Work order:
Transcribe the entries below word for word, beginning at the line with "We got a new" and stopping after the line with "Welcome to the"; drop all pictures.

(Beginning of Input data)

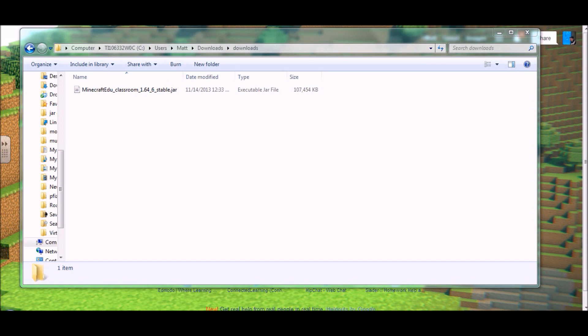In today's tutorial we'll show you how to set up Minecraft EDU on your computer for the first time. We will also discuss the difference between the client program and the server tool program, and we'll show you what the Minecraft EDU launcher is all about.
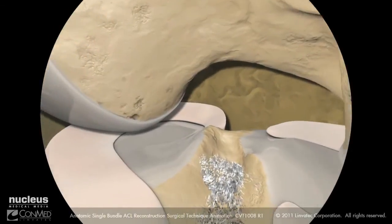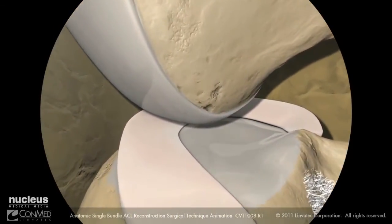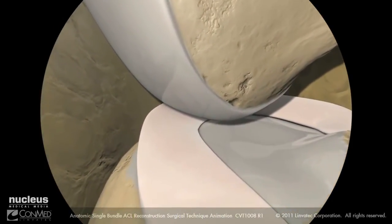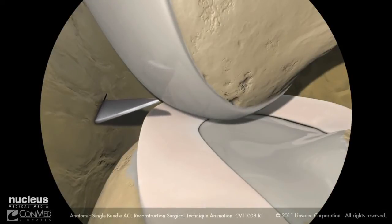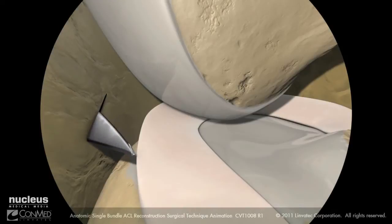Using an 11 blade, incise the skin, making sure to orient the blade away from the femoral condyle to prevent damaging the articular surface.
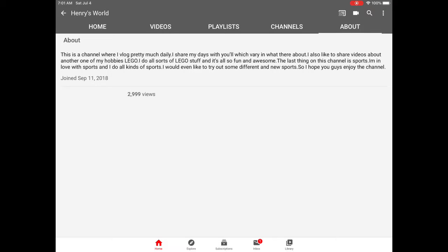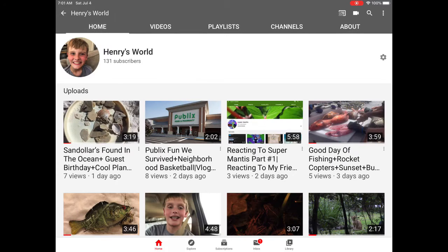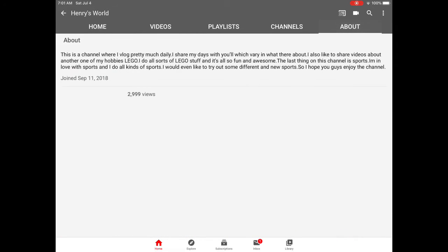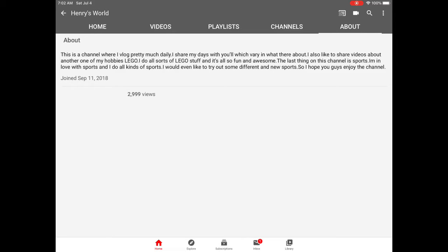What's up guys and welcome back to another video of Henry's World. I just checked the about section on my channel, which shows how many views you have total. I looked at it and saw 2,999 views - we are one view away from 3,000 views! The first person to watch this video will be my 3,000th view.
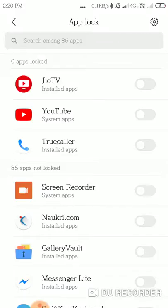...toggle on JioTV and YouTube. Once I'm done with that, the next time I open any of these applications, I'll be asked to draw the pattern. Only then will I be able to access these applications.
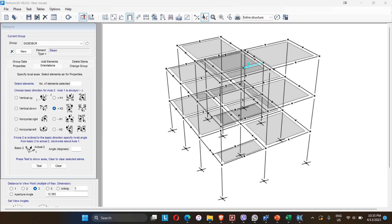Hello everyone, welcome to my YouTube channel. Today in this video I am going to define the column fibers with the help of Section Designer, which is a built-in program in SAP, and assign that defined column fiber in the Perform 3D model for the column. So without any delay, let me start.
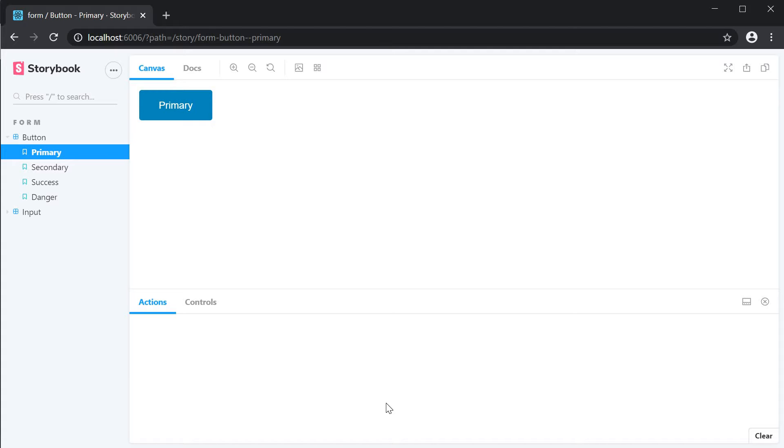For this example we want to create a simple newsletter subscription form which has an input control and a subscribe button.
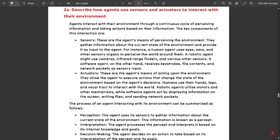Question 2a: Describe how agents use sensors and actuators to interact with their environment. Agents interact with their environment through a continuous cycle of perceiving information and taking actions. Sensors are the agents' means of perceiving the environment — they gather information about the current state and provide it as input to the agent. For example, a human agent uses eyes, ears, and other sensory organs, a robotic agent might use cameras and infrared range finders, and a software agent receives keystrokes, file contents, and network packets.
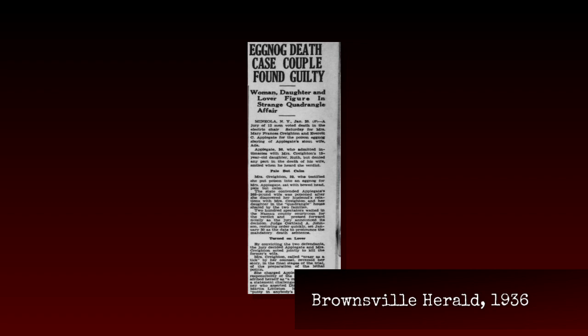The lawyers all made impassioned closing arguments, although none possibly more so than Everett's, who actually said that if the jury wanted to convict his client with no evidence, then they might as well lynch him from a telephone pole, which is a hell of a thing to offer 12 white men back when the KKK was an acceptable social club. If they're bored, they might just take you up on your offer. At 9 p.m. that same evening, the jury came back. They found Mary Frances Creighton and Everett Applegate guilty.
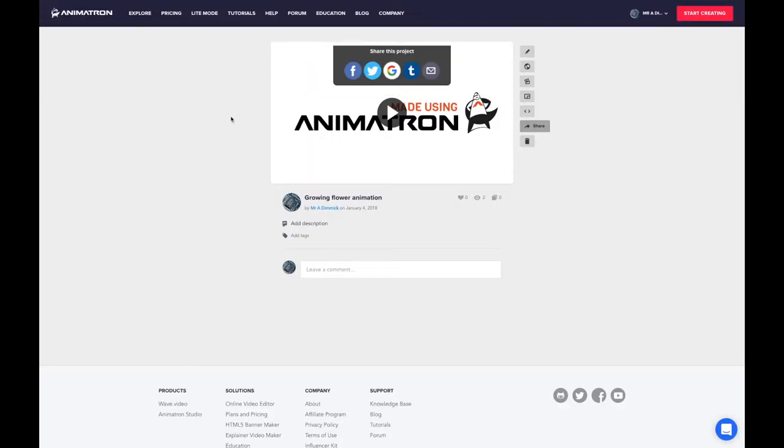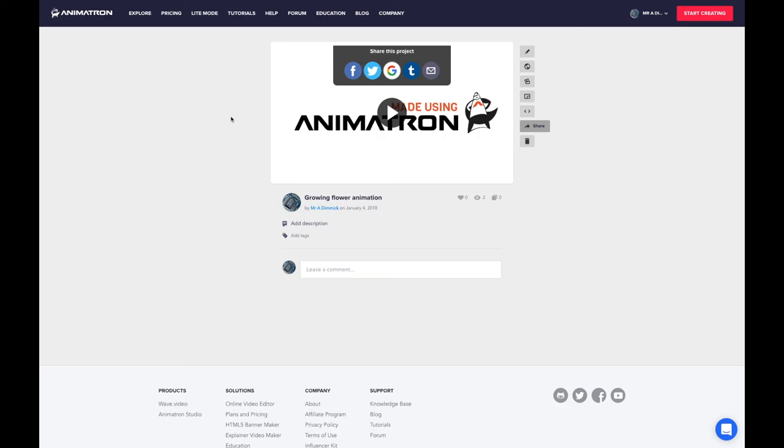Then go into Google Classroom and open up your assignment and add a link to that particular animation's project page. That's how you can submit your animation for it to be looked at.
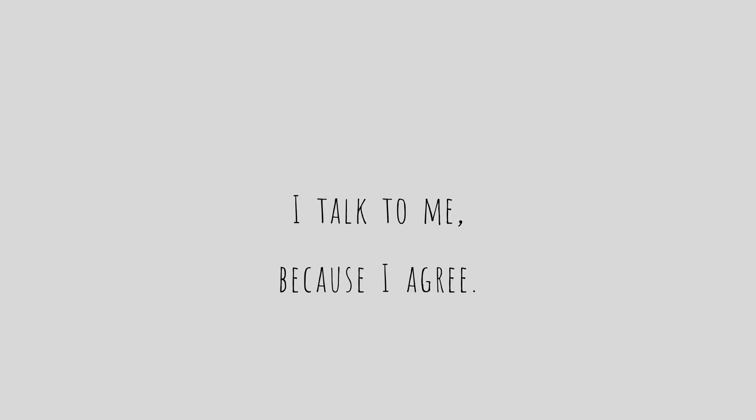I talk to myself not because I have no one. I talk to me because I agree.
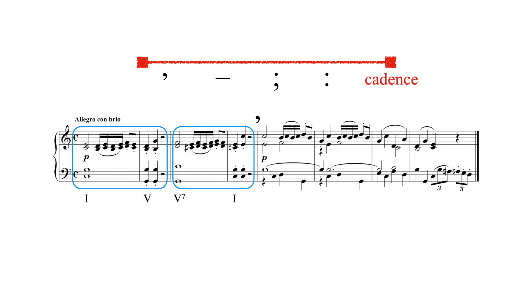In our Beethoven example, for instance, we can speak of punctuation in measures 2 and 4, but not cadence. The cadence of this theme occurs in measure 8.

(End of Input data)
(Beginning of Input data)

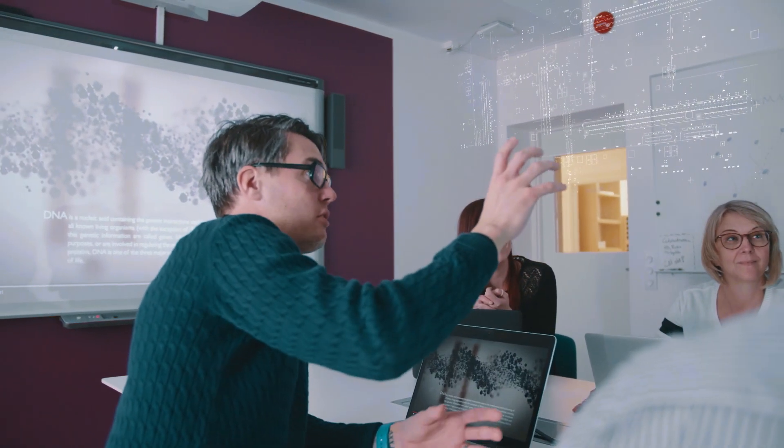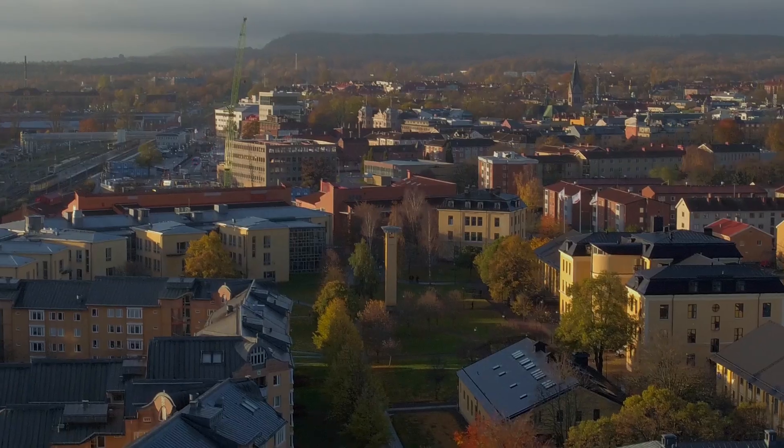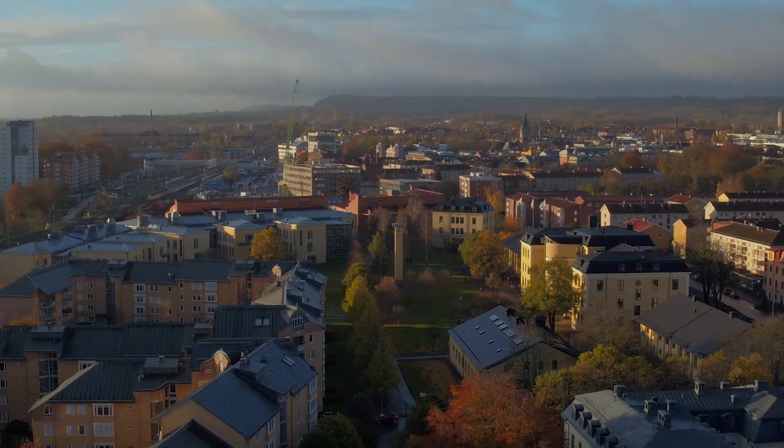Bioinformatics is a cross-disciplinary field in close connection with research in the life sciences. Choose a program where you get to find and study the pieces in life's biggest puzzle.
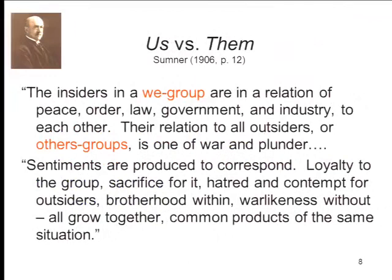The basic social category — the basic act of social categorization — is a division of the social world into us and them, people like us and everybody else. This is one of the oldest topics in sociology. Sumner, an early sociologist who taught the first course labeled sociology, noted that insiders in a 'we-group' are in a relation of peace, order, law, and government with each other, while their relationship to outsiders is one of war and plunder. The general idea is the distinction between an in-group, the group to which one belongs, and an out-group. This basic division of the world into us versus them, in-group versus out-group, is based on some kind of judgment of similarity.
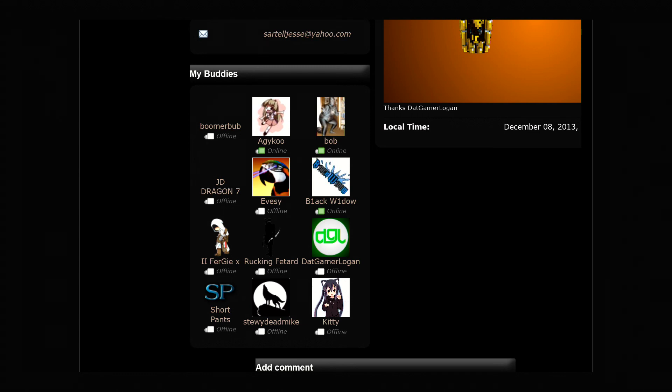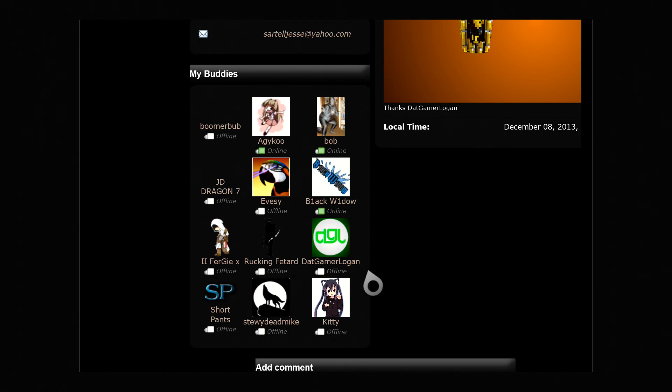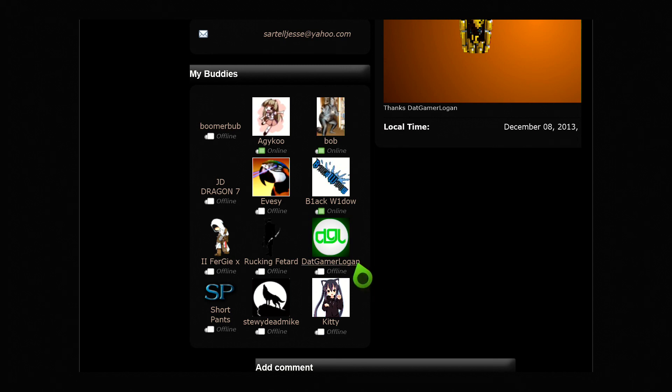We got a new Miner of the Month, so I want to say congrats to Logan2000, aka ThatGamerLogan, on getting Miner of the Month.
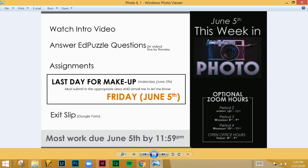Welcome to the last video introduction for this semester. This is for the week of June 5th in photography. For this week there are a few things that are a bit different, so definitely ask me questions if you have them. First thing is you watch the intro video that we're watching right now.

(End of Input data)
(Beginning of Input data)

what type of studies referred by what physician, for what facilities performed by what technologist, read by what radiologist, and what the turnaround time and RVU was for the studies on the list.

(End of Input data)

Answer space:
We got a new Miner of the Month, so I want to say congrats to Logan2000, aka ThatGamerLogan, on getting Miner of the Month.
Welcome to the last video introduction for this semester. This is for the week of June 5th in photography. For this week there are a few things that are a bit different, so definitely ask me questions if you have them. First thing is you watch the intro video that we're watching right now.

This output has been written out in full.